The court doesn't see the contradiction in this. FSP proud US Citizen Thank you Sam.
The Rule of law versus the rule of 'heart'.
In an evolving democracy, do morals not change over time? In speaking the words that the majority do not want to hear, the minority has the opportunity to be heard. Once the words have been spoken, and then spoken again and again, our society has the opportunity to either affirm or negate those words. We have heard the words of pilgrims, African Americans, the gay community, Neo-Nazis,and now the Westboro church and its community. In a democracy, the righteous prevail.
Deceased members of the military do not fall into that category. When did SCOTOS become so stupid?
There are lessons in human history that are yet to be learned and understood in some sectors of the modern judiciary.
I intend no offence. In a world that is slowly going mad, we non American westerners look to our USA cousins, with desperation, for solidarity in the expression of true human values. When our political minorities run off with fractious new dogma, we tend to dismiss them as the hangover of left and right extremism. Time for us all to wake up and take notice.
There are, indeed, limits on free speech. You cannot yell “fire” in a crowded theatre, as so doing can clearly cause harm. So, too, with these protests at a funeral. The intent, and the result, is to cause extreme emotional harm. Not only is that tortious, in my opinion it ought to be a crime.
You hit the nail on the head.
You would think an enlightened, educated society - served by the Supreme Court would be able to preserve the First Amendment and still protect US citizens (especially those working on behalf of the US and its citizen at the COMMAND of the governement), doing their duty and losing their lives in the process.
Shame on the protesters. Picket Washington not those who serve...
Just despicable! Those church members lack human decency, and the Supreme Court lacked good judgement...
While the US Constitution guarantees certain rights, nowhere in that document will you find that it explicitly imposes responsibilities on individuals in order to obtain those rights. The framers of that document (men who believed in God and actively and openly practiced their religious beliefs) believed that these rights (the original 9) already existed and were imposing restrictions on the government not to infringe on the rights of individuals. It does not “grant” people those rights.
This is an important distinction in this debate because it is the job of the Supreme Court justices to interpret constitutional law. Common sense and civil decency has no place in the Supreme Court justices’ debate and decision calculus. The only question before the court dealt with whether or not the plaintiff’s rights were denied. They clearly were not. Note: I am a proud American, former Army Viet Nam combat vet and an information systems scientist in a large aerospace defense firm. I detest the actions of the members of the Westboro Baptist Church as much as anyone.
So why was Justice Alito the outlier? Why did he represent the majority of public opinion yet not the majority legal opinion? I believe it comes down to an issue of pragmatic competence, which is defined as “The ability to use language in a contextually appropriate fashion.”
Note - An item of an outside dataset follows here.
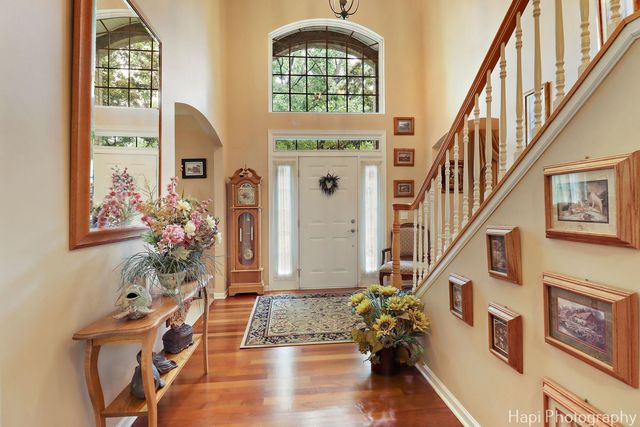 1606 Tecumseh Drive, Mchenry, IL 60050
What I believe is missing in the interpretation of law is a more balanced emphasis on pragmatics (specifically pragmatic competence) and less on debates of syntax and semantics with regard to what constitutes public and private. Pragmatics is defined as: "A branch of linguistics concerned with the use of language in social contexts and the ways in which people produce and comprehend meanings through language”. Pragmatic competence is used by intellectuals and academics: “extremely well-educated and intelligent people, at the top of their game,” to selectively “move hearts and minds” to their way of thinking. They can selectively focus the debate, not on the pragmatic aspects of social decency, common sense and compassion for those who lost a loved one but on the semantics, thereby removing the contextually appropriate interpretation of meaning. This is a skill that is highly developed in politicians (most of whom are lawyers). They can talk you out of anything. What is the meaing of "is".
Justice Alito clearly applied a balance of pragmatics with the more fundamental syntax and semantics when interpreting the language of the law and arrived at the morally correct conclusion. Bravo to Justice Alito.
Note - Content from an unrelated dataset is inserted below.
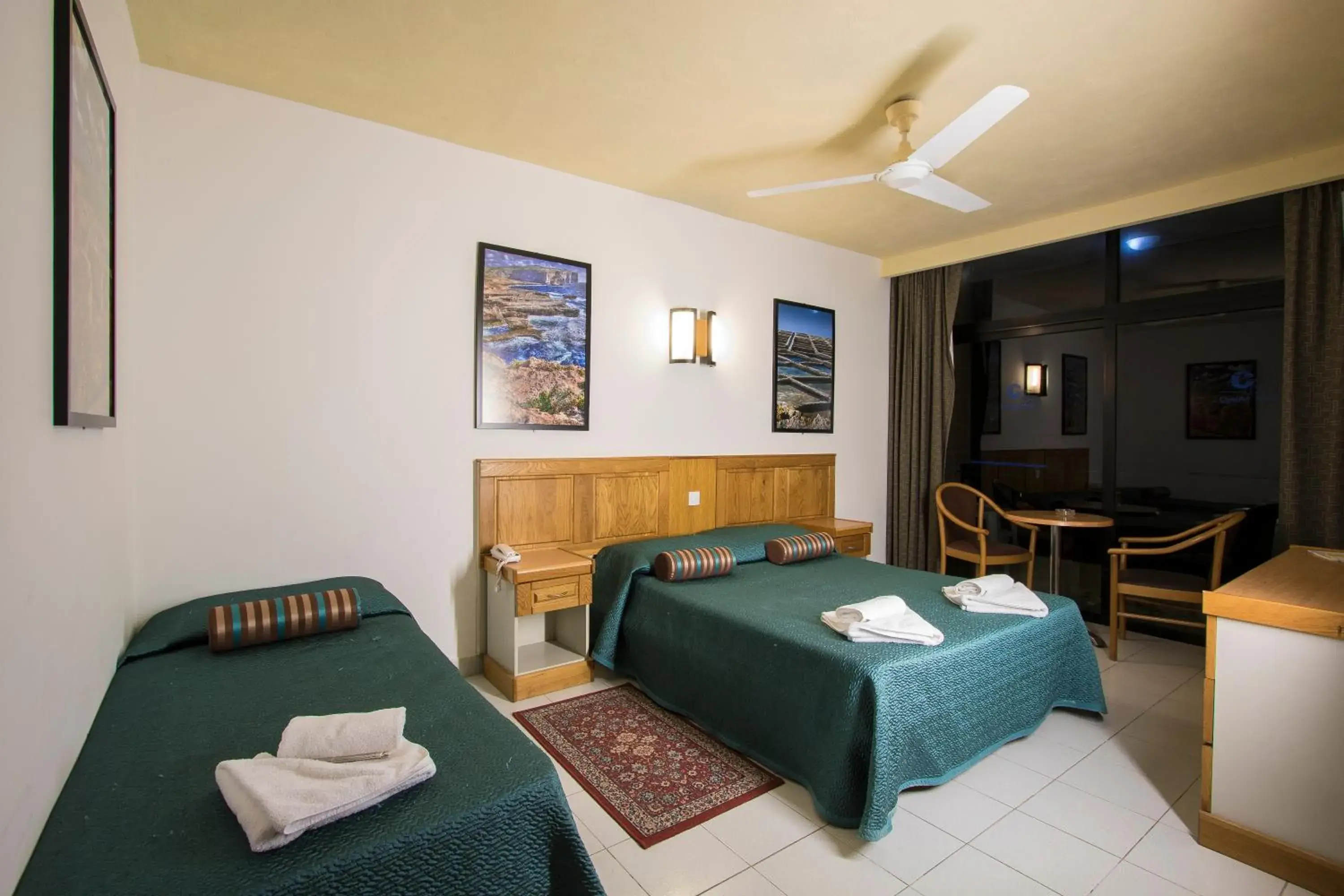 Triple Room in Canifor Hotel Triple Room in Canifor Hotel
Definitions from: http://grammar.about.com/od/pq/g/pragmaticsterm.htm
I always appreciated Robert Jackson's observation: "The price of freedom of religion, or of speech, or of the press, is that we must put up with a good deal of rubbish." But I think Bal S. was right. This is a directed attack on private individuals.
Alioto seemed obviously correct when he wrote, "In order to have a society in which public issues can be openly and vigorously debated, it is not necessary to allow the brutalization of innocent victims like petitioner."
I take some comfort from the fact that the behavior of the members of this Westboro Church is much more effective in generating antipathy towards their brand of militant fundamentalism than it is in encouraging opposition to homosexuality.
The clash in this case comes because we all feel that the Right of Free Speech should not be available when it directly and unjustifiably has some harm to another. However, the Bill of Rights and other constitutional principles limit government action, and so has the odd consequence in this case of limiting the supreme court, who might like to protect the people, but are stopped because they would be acting as a government agency and would themselves be violating Free Speech protections. And since private individuals' tort claims are not of a comparable constitutional nature, such claims cannot rebutt the constitutional implications.
But when the Rights of individuals seem to be for everyone do anything to anyone else, it really hurts our hearts, I think. Hard case.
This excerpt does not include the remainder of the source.